╭─ The data

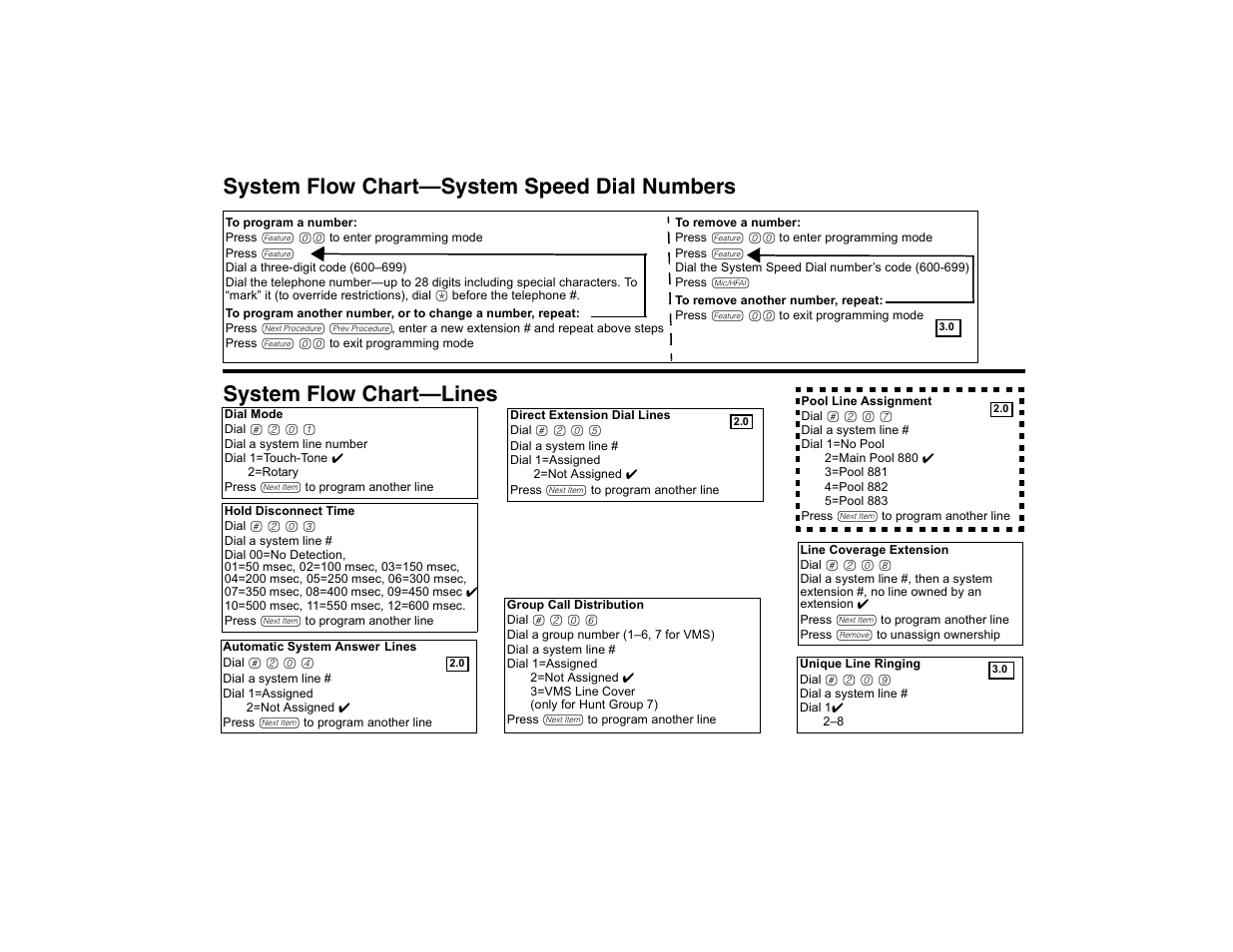 System flow chart—system speed dial numbers, System flow chart– lines | Avaya PARTNER-18D User Manual | Page 95 / 106
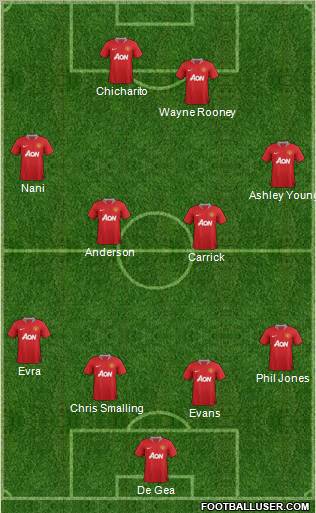 Manchester United Formation 2011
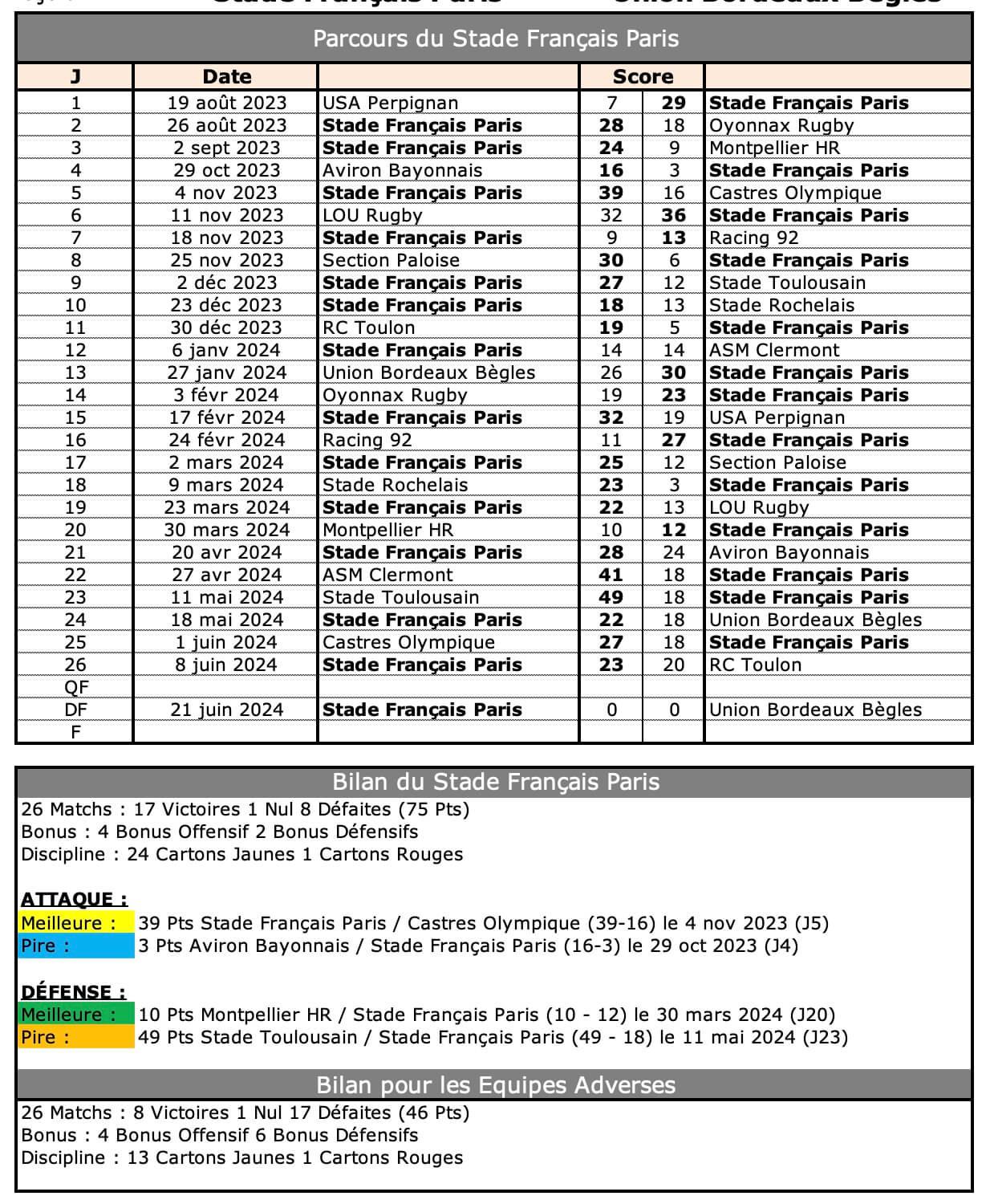 Sfpubb 3 1 sfp bilan 1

╰─

> Problem: An unchanged copy of the listing, with no pictures, should be returned.

> Response to this task:
 System flow chart—system speed dial numbers, System flow chart– lines | Avaya PARTNER-18D User Manual | Page 95 / 106
 Manchester United Formation 2011
 Sfpubb 3 1 sfp bilan 1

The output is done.